Menutup Ruang Bagi Radikalisme dan Terorisme


Terorisme, sebagaimana bencana, sekali lagi menjadi impuls yang menunjukkan 'watak dasar' bangsa Indonesia: empatif dan guyub.

Berduyun-duyun ucapan bela sungkawa, ekspresi dukungan moril dan materil, diekspresikan di mana-mana, dengan media apapun: bunga, 'viralisasi'counter narrative terhadap terorisme, dan lain-lain.

Walau kemudian, kita mengerti bahwa penguatan arus ultra-konservativisme Islam telah membuat sebagian dari kita lebih memilih PalestinaFirst. Ini juga jadi masalah: katanya, di mana solidaritas kita terhadap saudara setanah-air?

Sebagian lagi kehilangan kemampuan berempati dan balik mencibir.

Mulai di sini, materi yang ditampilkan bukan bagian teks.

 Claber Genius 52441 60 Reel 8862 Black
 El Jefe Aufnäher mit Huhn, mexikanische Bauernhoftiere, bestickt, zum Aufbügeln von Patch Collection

Mulai dari cibiran bahwa korban adalah layak dikorbankan karena, misalnya, kafir, sampai cibiran bahwa kita terlampau 'lebay' merespons padahal di Suriah dan Palestina, misalnya, korbannya jauh lebih banyak.

Cibiran juga muncul sebagai ekspresi kekesalan karena 'Islam' (selalu) disalahkan, walaupun fakta lapangan yang ditemukan, pelaku memang kebetulan secara administratif beragama Islam.

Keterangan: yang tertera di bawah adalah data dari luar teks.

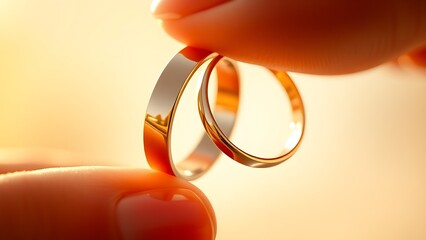 Two golden rings intertwined, symbolizing love and commitment with warm lighting.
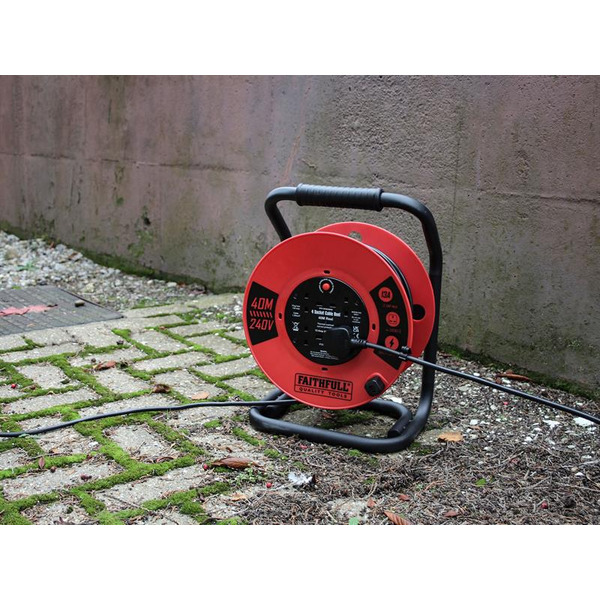 Open Cable Reel 240V 40m 13A 4 Socket (1.25mm Cable)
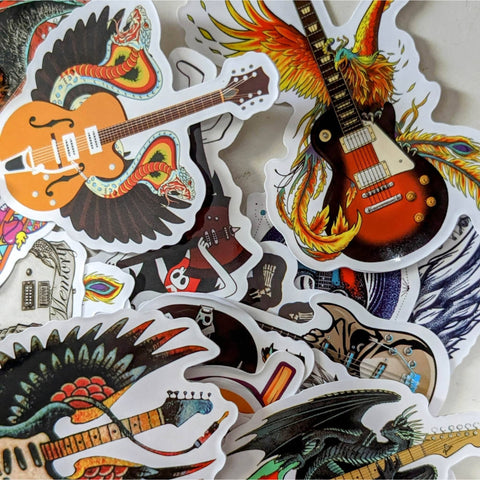 Image of Music Bumblebees Music Stickers Music Themed Individual Stickers - Rock n Roll Music Pack of 50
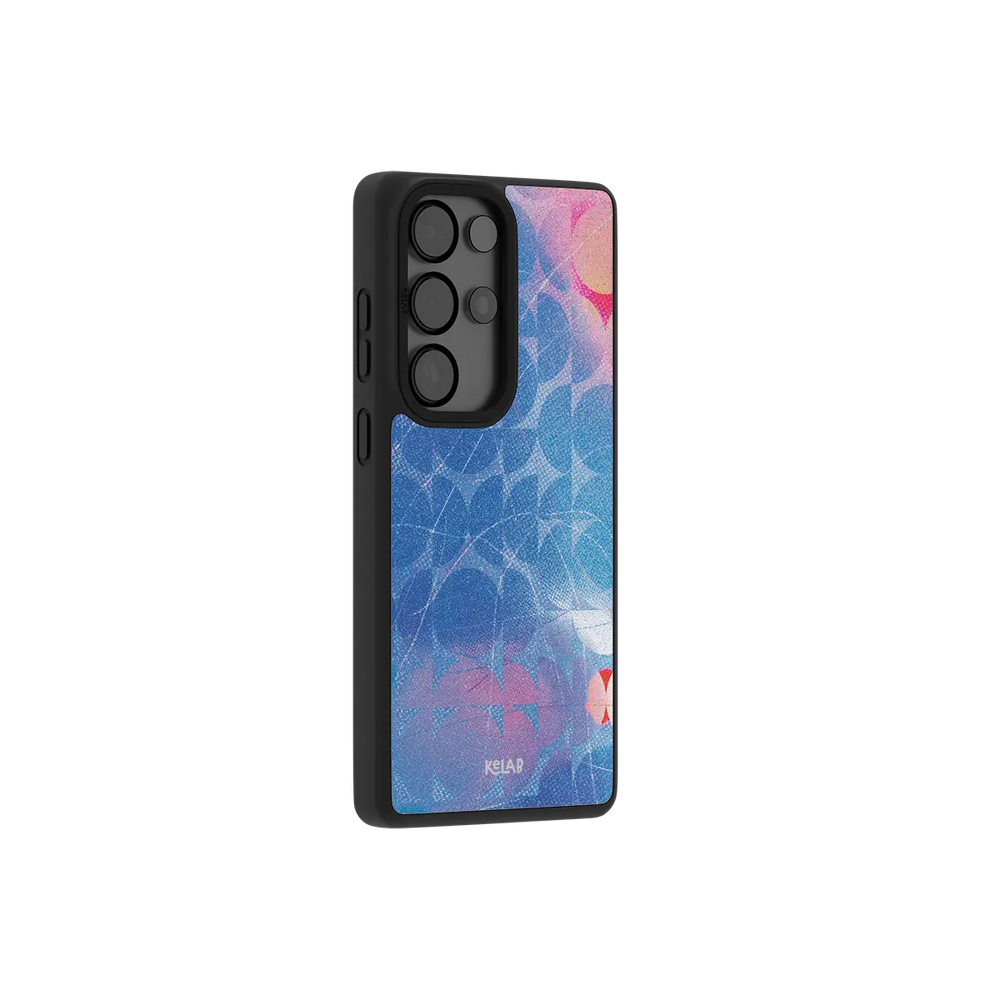 Blue retro geometric Samsung Galaxy case at a side angle showing the wrapped button covers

Dan, sebagian yang melandasi tindakannya adalah pemahamannya yang keliru atas jihad dalam Islam. Bagi oposan, tragedi terorisme ini adalah juga impuls untuk balik mengkritisi pemerintah sebagai lemah dan tidak bisa menjamin keamanan.

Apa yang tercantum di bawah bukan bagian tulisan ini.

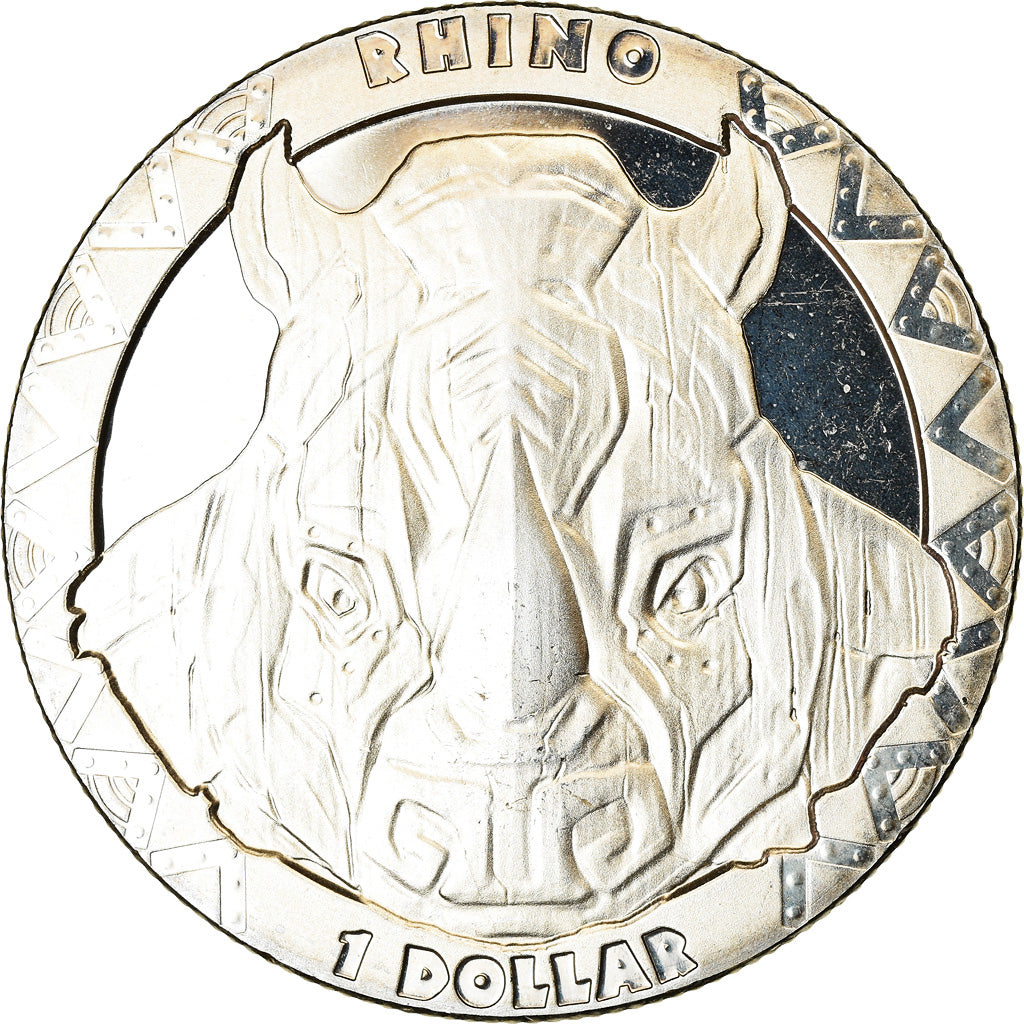Coin, Sierra Leone, Dollar, 2019, British Royal Mint, Rhinocéros, MS(63)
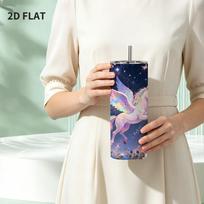 Straight Cup 591ml Pegasus Starry Sky Element Straw CupCommuter Car Cup Sliding Leakproof Cup Portable Cup Stainless Steel Car Tumbler Straight Cup 591ml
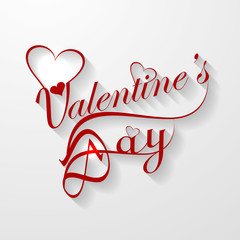 Wall Mural - valentine's day card with lettering text vector illustration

Namun begitu, sebagaimana setiap kali aksi teror berusaha merusak kedamaian dan menyebarkan paranoia di sekitar kita, kita balik berikrar: #kamitidaktakut.

Dalam konteks ini, aksi teror memperkuat genggaman tangan kita untuk sama-sama pasang badan saling dukung melawan terorisme.

Kita membuktikan sekali lagi keguyuban kita dalam menjaga kodrat keberagaman yang dibingkai toleransi, sikap saling hormat-menghormati. Dari sana, orang kemudian mempertanyakan: apa yang masih bisa dibenahi, diperbaiki, dalam upaya pemutusan virus radikalisme?

Karena,  apapun alasan dibalik kebencian dan dukungan kita,  terorisme harus dibumi hanguskan dan radikalisme harus dijinakan, demi Indonesia.